Now, I continue to hold onto a sizable long exposure to WDI (Wirecard), but I’ve already started selling some far OTM calls on those positions, taking into account the strong recovery.

I’d have really wished to have a Cinderella fairytale ending here whereby the allegations are completely false, FT reporter goes to jail or something, and the price shoots up to 250 euros (the target price for some analysts).

Yet, I’ve SOME reservations.

I do think the next earnings release on the 4th April will surprise the markets and provide a further catalyst/boost to the share price. And I’d normally have the guts and capital to plonk down for the long run (or however long it takes for a recovery)… but in this instance, I’ve my reservations cos of the…

Singapore Police Force.

Yep. When the CAD department of SPF is involved, it lends a lot of weight to the short side.

And as always, I don’t say this or put undue emphasis on this without having done the necessary DD and having some real concrete data to back up my thoughts.

In this instance… what better way to understand the thought process and how it works…. than to check with someone within the CAD itself?

I reached out to a friend who’s sufficiently high ranking enough within the CAD:

844) whatsapp.jpg

845) whatsapp.jpg

846) whatsapp.jpg

There’s other info like the approximate duration of an investigation and the processes etc but that’s not going to be shared here.

Basically, I do have faith in the way CAD conducts an investigation and this kinda puts a dampener on my wirecard long thesis.

I might be right in my long thesis, but I can’t be sure how the markets react to new developments when CAD probes deeper.

As mentioned, I’m currently still deeply long as I think the odds are still in my favor. Any investigation of wrongdoing, would more likely impact on the individuals involved, rather than the company itself.

In any case, if you’ve been following, BaFin (which is Germany’s equivalent of MAS), has stepped in to ban short selling of wirecard, putting the German authorities firmly behind Wirecard’s management.

We’re only in the early innings of a long drawn out battle, so it’s interesting to watch.

Already, wirecard has added almost 10k in euros to  my portfolio (paper profits), and I expect this to further increase in March and April.

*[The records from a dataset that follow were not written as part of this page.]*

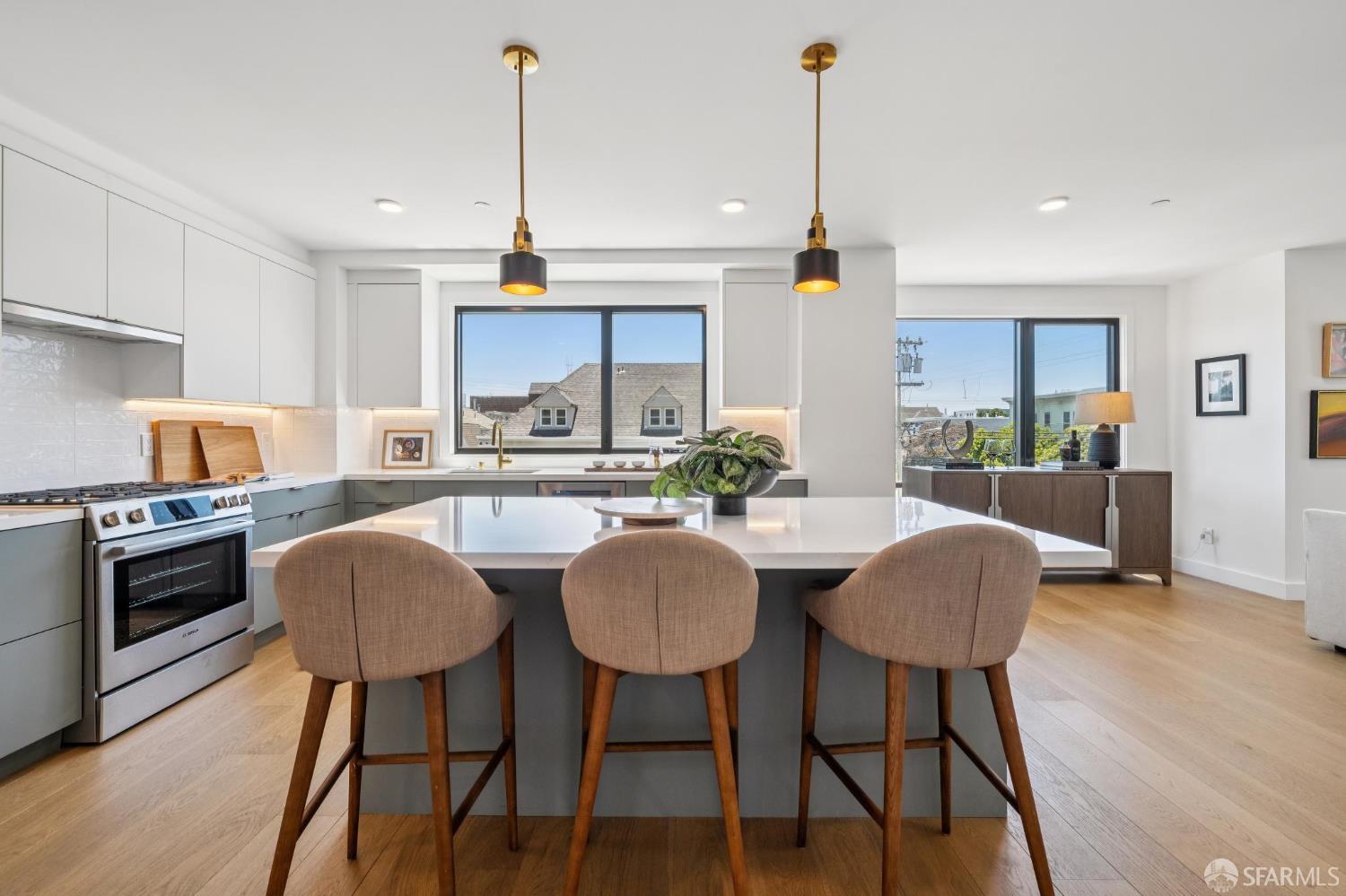 4135 California Street # 4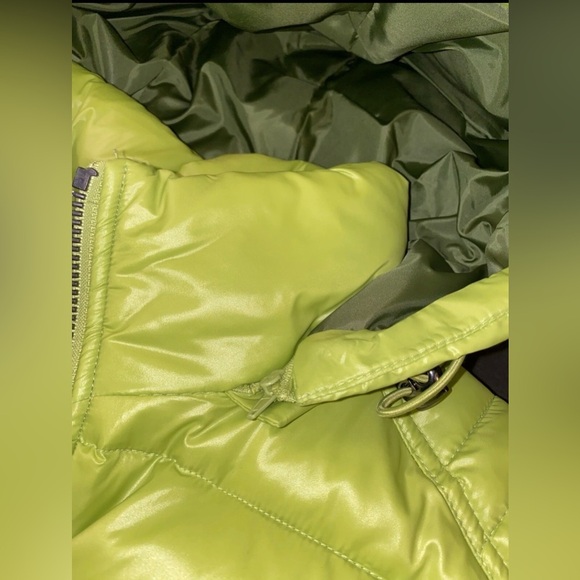 Guess Olive Puffer Jacket for Men - Picture 4 of 4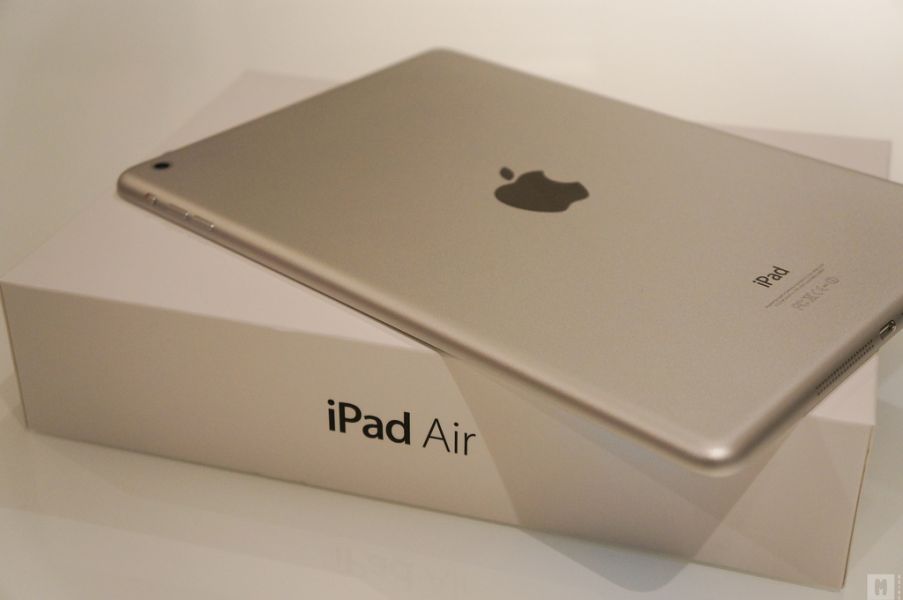 Apple iPad Air Wi - Fi + Cellular 16 GB disponibile per soli 350 Euro/ PlayStation 4 500GB PAL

Yes, it’s not a plain vanilla straightforward long case here, but…. well, if I wanna add any further to the 29.5% ROI this year, I figured I’d have to find really unique situations and take concentrated positions and come out the better of it.

Also, I’d like to give a shoutout to Southern Investigative Reporting Foundation, for their amazing investigative journalism. OK, they did a negative piece on Wirecard, and that places them on the other side of the equation from me… but it’s still amazing work.

Check it out:

Plus, I think they can be right… and I’d still be profitable in my investment due to the option premiums arising from the volatility created from their work. LOL.

OK, that’s about it. I’d have written more about my wirecard DD, but others before me have done similar if not better work, and I thought the only thing I have to add is my understanding and investigations on the CAD side, since not 1 wirecard report/post/analyst report/journalist’s piece has spoken about that. And it’s understandable why, cos these ang mohs don’t even know what’s CAD to begin with.